10th Mayor of Winnipeg
- In office 1889–1889

Personal details
- Born: 24 August 1849 Perth, Canada West
- Died: 24 November 1937 (aged 88) Winnipeg, Manitoba, Canada
- Spouse: Annie Anderson (m. 1880)

= Thomas Ryan (Canadian politician) =

Thomas Ryan (24 August 1849 – 24 November 1937) was a footwear manufacturer, municipal politician, and the tenth Mayor of Winnipeg in 1889.

As a youth, Ryan fought the attempted Fenian invasion of Canada in 1866. He then established a trade in making boots and shoes, moving to Winnipeg in 1874 to establish business at what would become the Ryan Block on 492 Main Street. He was dubbed "The Shoe King" due to his success in that business which served customers between present-day British Columbia and Lake Superior in Ontario.

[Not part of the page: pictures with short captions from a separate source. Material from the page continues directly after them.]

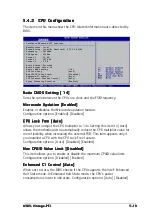 Preview for 67 page of Asus Vintage PE1 User Manual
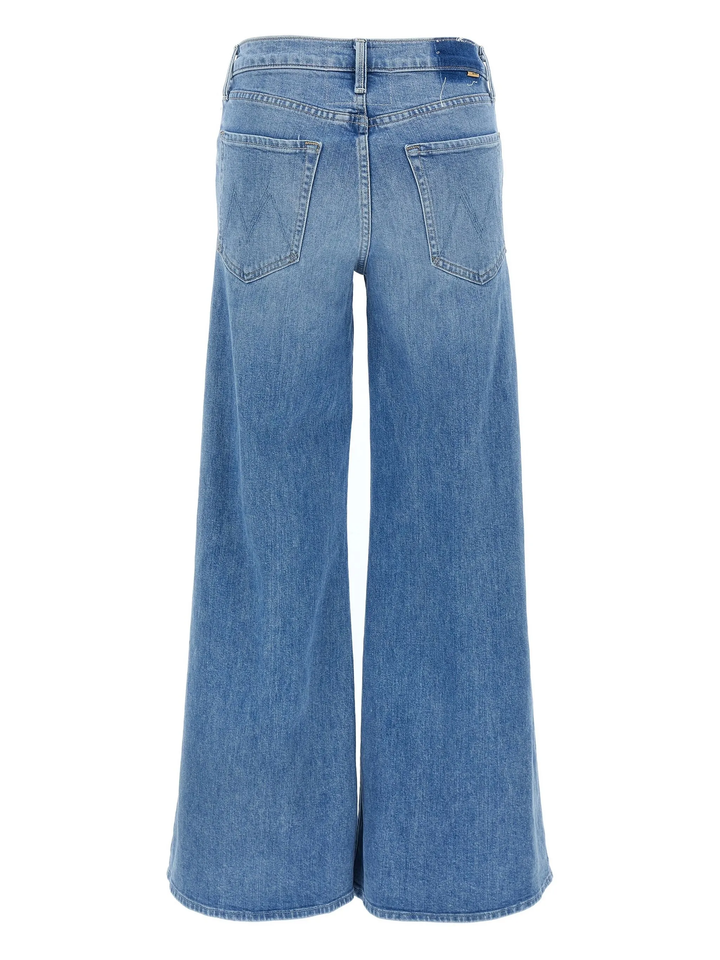 The Tomcat Roller Skimp Jeans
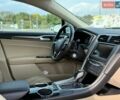 Білий Форд Фьюжен, об'ємом двигуна 2 л та пробігом 229 тис. км за 11900 $, фото 17 на Automoto.ua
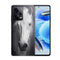 Coque Xiaomi Redmi Note 12 Pro Tete de Cheval Noir et Blanc
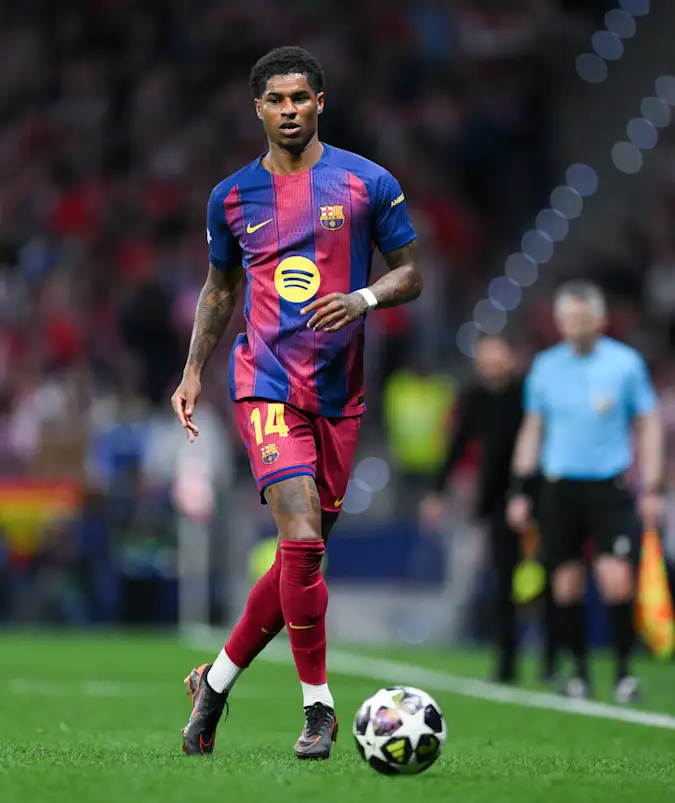 Manchester United Daily 20260418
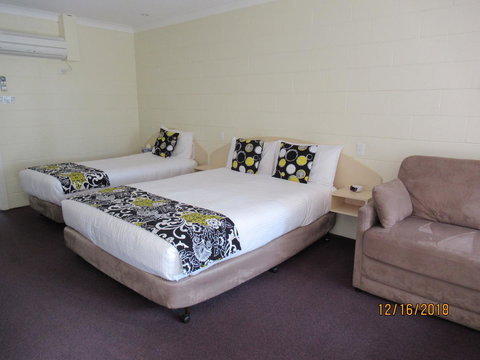 Moruya Motel - Tourism Canberra 22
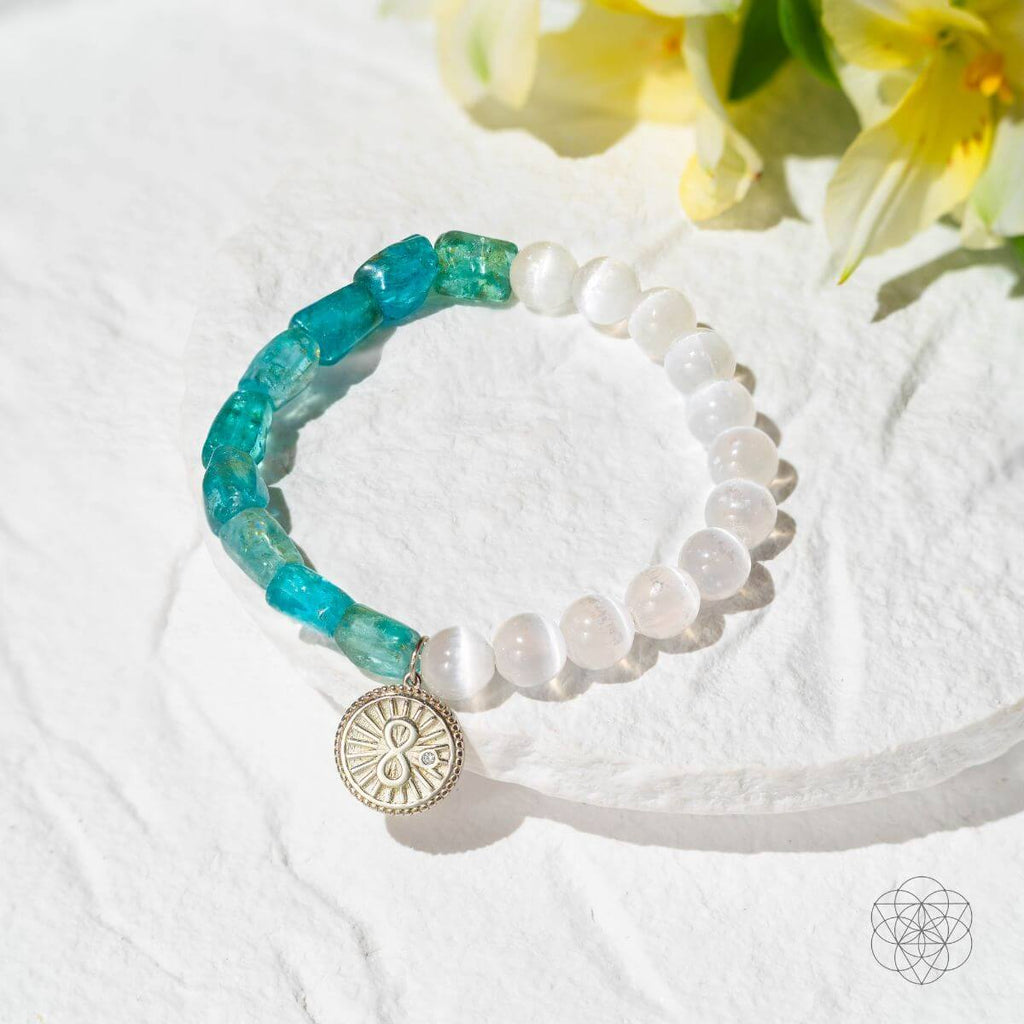 Sky's The Limit - Bracelet Of Infinite Possibilities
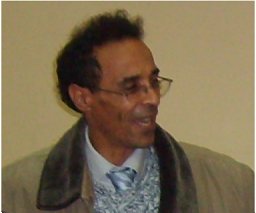 Larbi Loukarfi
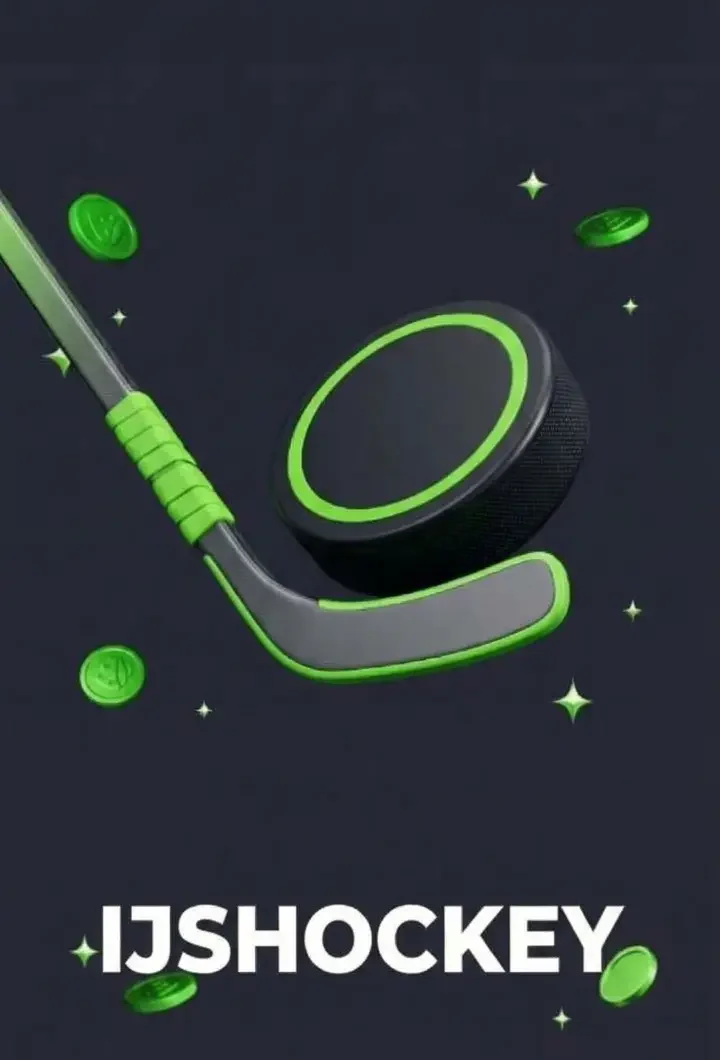 luckywave ijshockey wedden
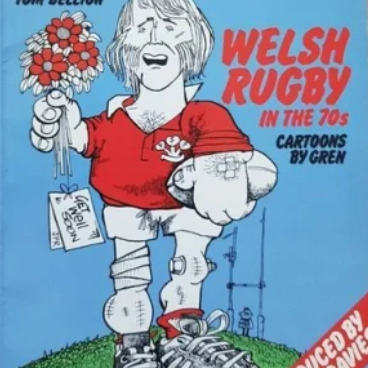 Aberflyarf Rugby History: Rugby histories from Wales, UK and the World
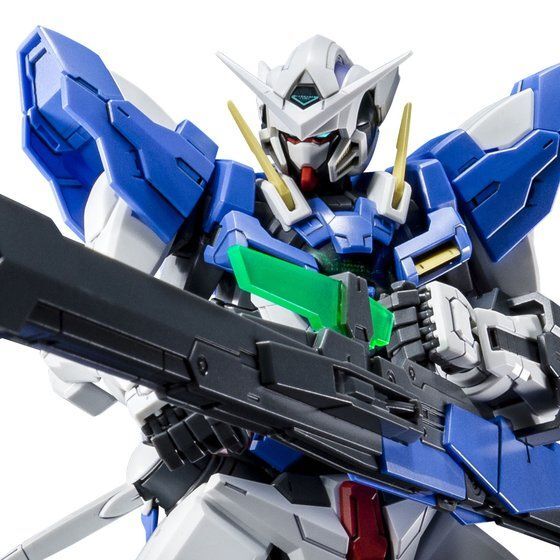 Mg 1 100 ガンダムエクシア リペアiii 登場 アキバ総研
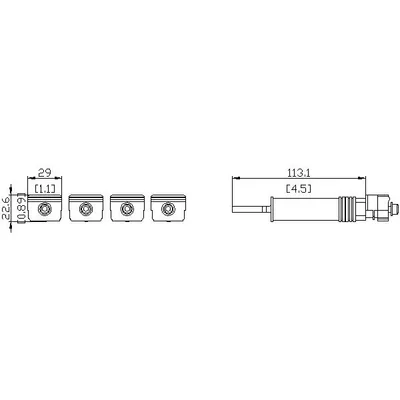 Siemens 3VA9234-0QE00
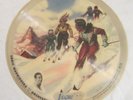 ENRIC MADRIGUERA 78, Vogue Picture Disc R-779 - CUBAN YODELIN' + Man, Moon, Maid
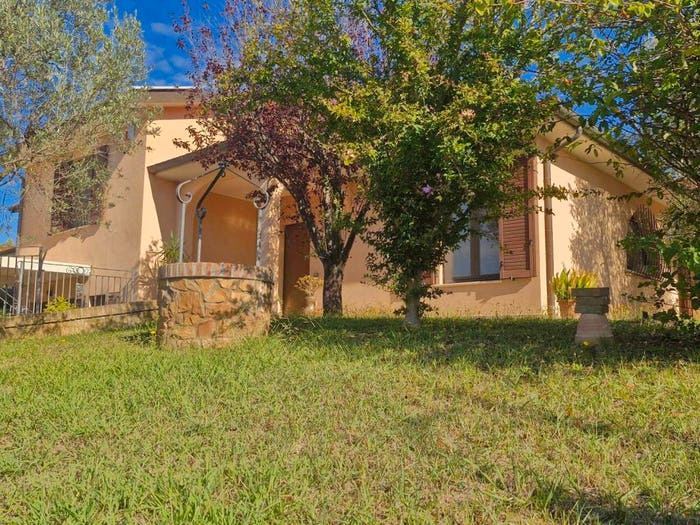 Casa con 6 locali in vendita in Via Domenico Cimarosa, Venturina, Campiglia Marittima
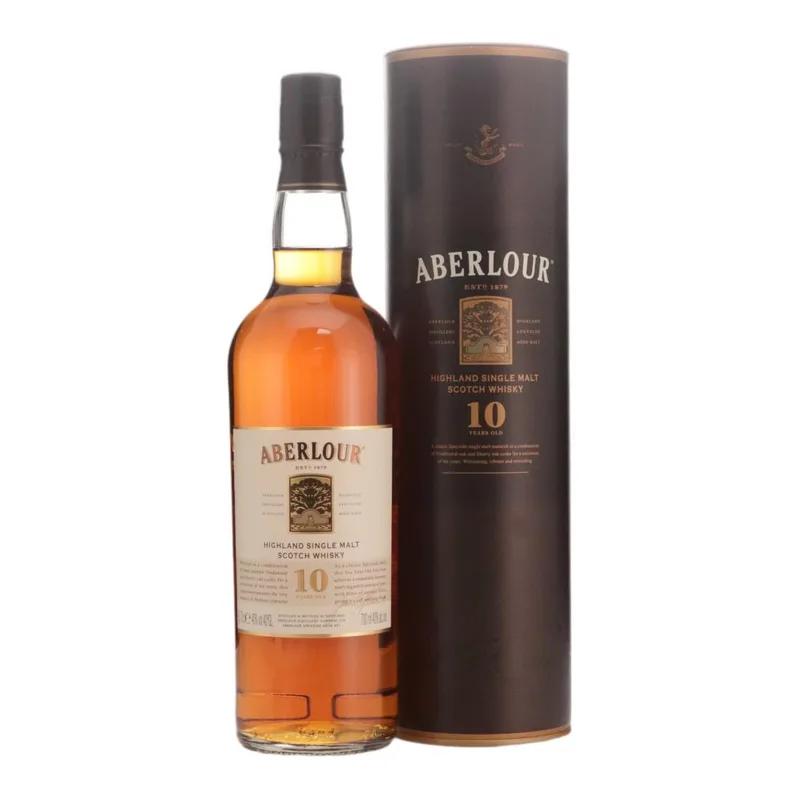 Aberlour – 10 Year Old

Ryan became a city alderman in 1884 and served in that role until he was elected Mayor for a single one-year term in 1889. He was dedicated to the Methodist Church, helping to establish Grace Methodist Church in Winnipeg and serving as president of the local YMCA. He developed and imposed restrictions on Sunday commerce during his mayoral term.

Norwegian Annie Anderson was Ryan's wife with whom he had nine children. Winnipeg's Ryan Street is named in his honour.